Song
- Language: English
- Written: World War II
- Genre: Military song; dark humor;

= Blood on the Risers =

American paratrooper song

"Blood on the Risers" is an American paratrooper song originating during World War II. It is set to the tune of "The Battle Hymn of the Republic", which itself was adapted from "John Brown's Body", a popular marching song during the American Civil War. The song remains popular among modern airborne units in the United States and throughout the world, and it has been referenced in various films, television series, video games, and books.

== Content ==
Sung to the tune of "The Battle Hymn of the Republic", which itself was adapted from "John Brown's Body", a marching song from the American Civil War, the song tells of a fatal training jump of a rookie paratrooper whose parachute fails to deploy, resulting in him falling to his death. Each verse describes the man's death and the subsequent condition of his body in the aftermath. The chorus mimics the chorus in "The Battle Hymn of the Republic", replacing the lyrics "Glory, glory, hallelujah! His truth is marching on" with "Gory, gory, what a hell of a way to die! He ain't gonna jump no more."
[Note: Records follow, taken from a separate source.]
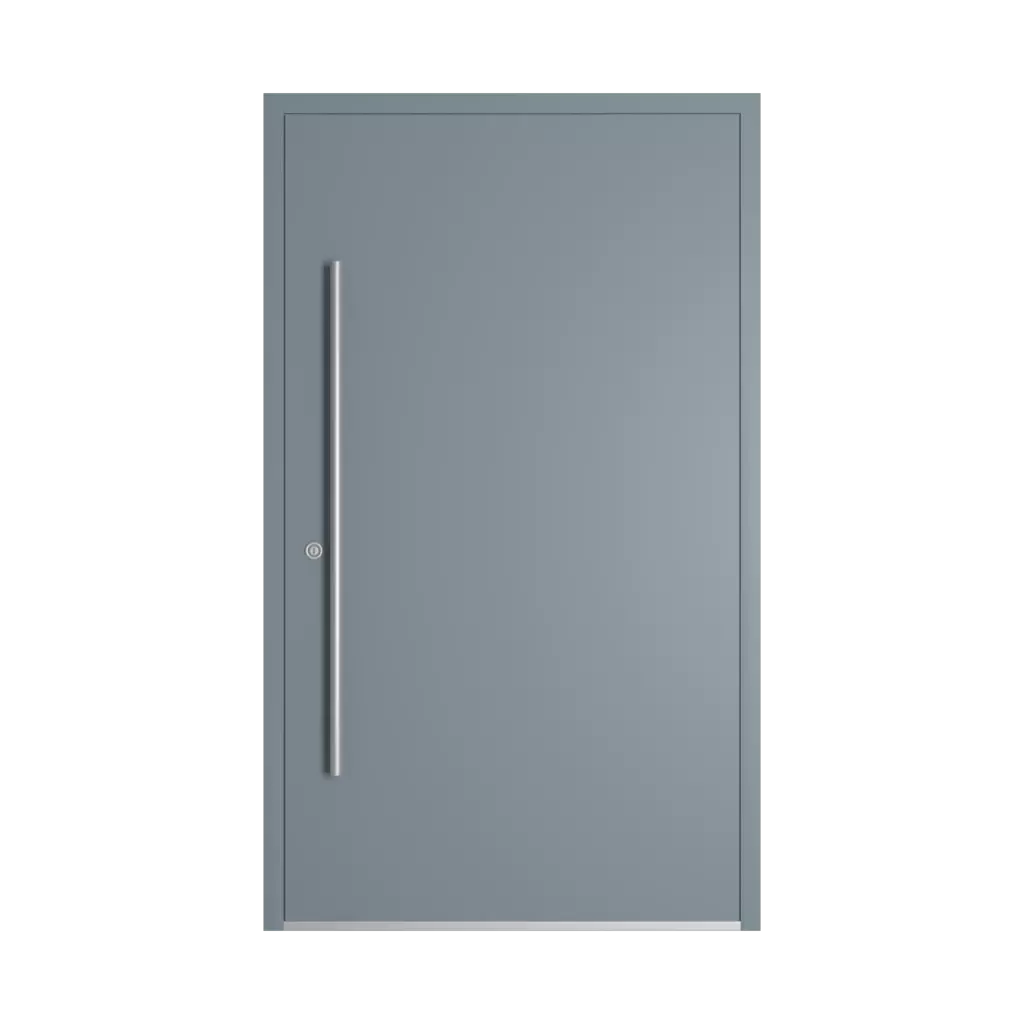 RAL 7000 Squirrel grey entry-doors models dindecor 6024-pvc  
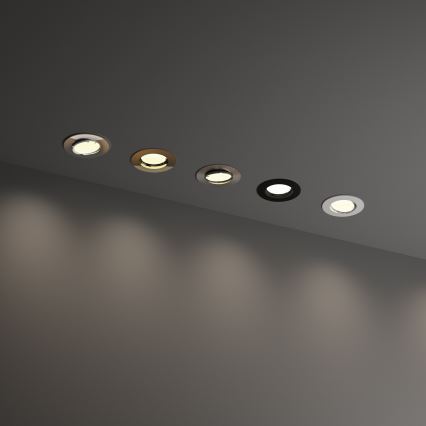 Ideal Lux - Podhľadové svietidlo SWING 1xGU10/28W/230V pr. 8,2 cm matný chróm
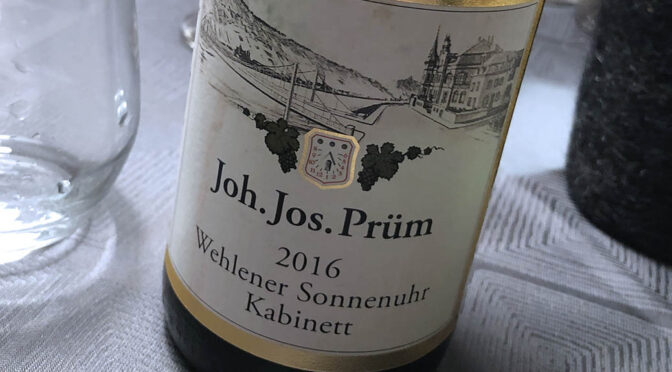 2016 Weingut Joh. Jos Prüm, Wehlener Sonnenuhr Riesling Kabinett, Mosel, Tyskland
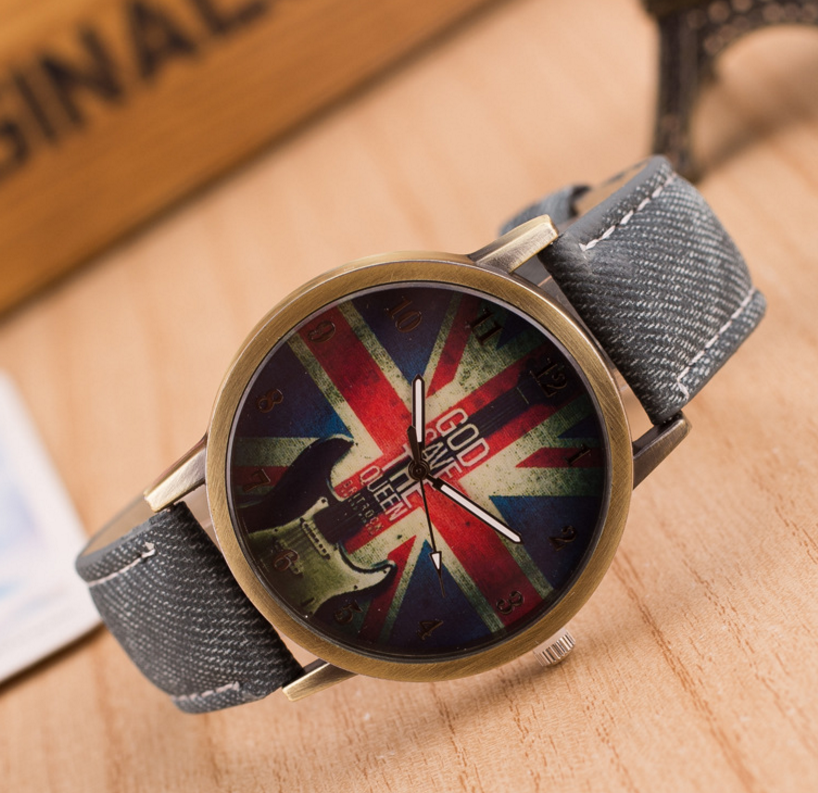 UK Flag Wrist Watch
The song is a cautionary tale on the dangers of improper preparation for a parachute jump. The protagonist does almost everything right but forgets to hook up his static line, which would automatically deploy his main parachute. Upon discovering this error during the jump, he deploys his reserve chute in a bad falling position. He becomes entangled in the parachute's canopy and risers, falls uncontrollably, and dies upon impact with the ground. American parachute rigs during World War II stored the reserve parachute in a belly bag, so deploying it in a bad falling position could easily lead to an accident similar to the one described in the song. "Risers" are the four straps that connect the suspension lines of the parachute canopy to the parachute harness.

== Origins ==
The origins of the song are unclear; the lyrics are unattributed. It has been proposed that the song was written verse-by-verse by those in training at Fort Benning.

Newspapers during World War II called the song a "paratrooper favorite". Paratroopers would sing it on the plane before jumping.

== Modern usage ==
The song is associated with all current American airborne units, including the 11th Airborne Division, 82nd Airborne Division, the 101st Airborne Division, 173rd Airborne Brigade and the 120th CTS (United States), as well as British airborne units. It is known as "Mancha Roja" (Spanish for "Red Stain") in airborne units from multiple Latin American countries. In Spain it is called "Sangre en las cuerdas" ("Blood on the lines"). It is occasionally used as a marching cadence.

== In popular culture ==
This song has been featured in the television miniseries Band of Brothers.

World War II veteran Vincent Speranza was recorded singing the chant in 2019; the video has more than one million views on YouTube as of December 2023. Speranza later recorded his own version of the chant.

Near the beginning of the film Screaming Eagles, the men sing the song as they come back from leave.